Mais nous voulons vraiment impulser le développement d’une filière bio-industrie. On a d’ailleurs recruté une personne qui a pour mission de créer des partenariats avec des producteurs français. L’objectif est de mettre en place des exploitations spécialement dédiées à la transformation.

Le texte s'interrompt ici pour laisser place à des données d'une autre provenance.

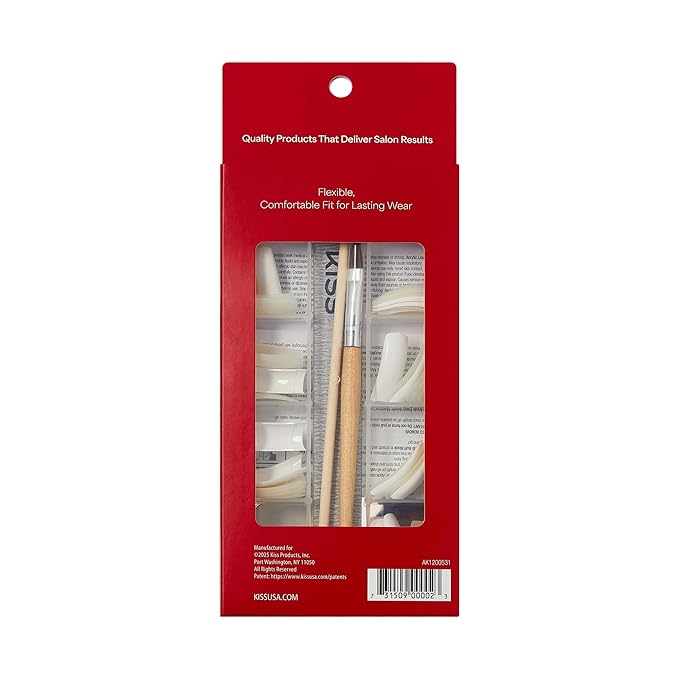 KISS Complete Salon Acrylic Fake Nails Manicure Kit, Acrylic Liquid, Acrylic Primer, Acrylic Powder Clear, Maximum Speed Nail Glue, Masking Formula, & 60 Long Length Bubble Free Acrylic Nails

Et aujourd’hui, nous sommes l’entreprise qui présente, en réseau bio spécialisé, la plus large gamme de confitures avec des fruits français bio.

" Certains des fruits que vous utilisez sont-ils

lot-et-garonnais ? "

Oui, bien sûr, c’est très important pour nous de privilégier les producteurs locaux et ainsi contribuer au rayonnement et à la santé économique de notre bassin d’emploi. On achète nos fraises, nos pommes et nos pruneaux en Lot-et-Garonne. On a aussi récemment développé un partenariat avec un cultivateur dans le nord du département pour la framboise bio.